Luckily for us, there is a tool - systems practice - which can help us better understand and move through complex, systems-level, problems. Systems practice doesn’t make hard problems easier, but it does provide a methodology to see the same problems more clearly.
The Omidyar Group explains the challenges in trying to solve complex problems and how systems thinking can help:
As Rob Ricigliano of Omidyar Group explains in the +Acumen Systems Practice course, “if you’re grappling with an intractable problem in a difficult complex environment, taking the time for systems practice will give you a better chance of actually doing something productive toward that goal and in that environment.”

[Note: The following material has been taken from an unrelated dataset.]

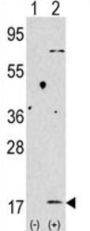 Microtubule-Associated Proteins 1A/1B Light Chain 3A (MAP1LC3A) Antibody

Have you ever found yourself facing an issue where the seemingly straightforward solution didn’t bring about the results you expected?

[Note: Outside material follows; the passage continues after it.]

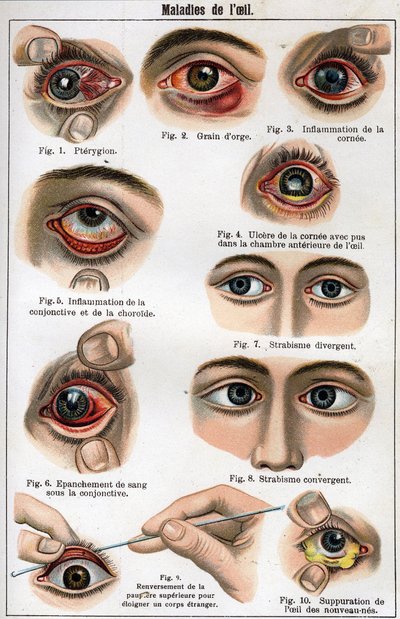 Augenkrankheiten. In „Die neue natürliche Heilung“ von F.E. Bilz. von Unknown artist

Rob Ricigliano of Omidyar Group describes an example of when a clear-cut solution exacerbated the problem instead of solving it:
Here are a few scenarios where a systems thinking approach will help you see a problem more clearly:
1. You’re in a complex environment:
People tried implementing solutions that should have worked but didn’t
Problems keep morphing
It feels like you can’t keep up with the pace of event
2. The nature of the goal is complex:
The current goal of work is to go deeper than a band-aid solution
You’re in a position to step back and conduct an analysis
You have the capacity to dedicate time and/or resources prior to implementing a solution
Rob Ricigliano of Omidyar Group describes the three criteria in more detail in this video excerpt from the +Acumen Systems Practice course:
From the Field: Acumen Fellows Share What Systemic Change Means to Them
“Systems change is holistic and it challenges the status quo. Change is only possible when we involve people in the movement towards creating systemic change.”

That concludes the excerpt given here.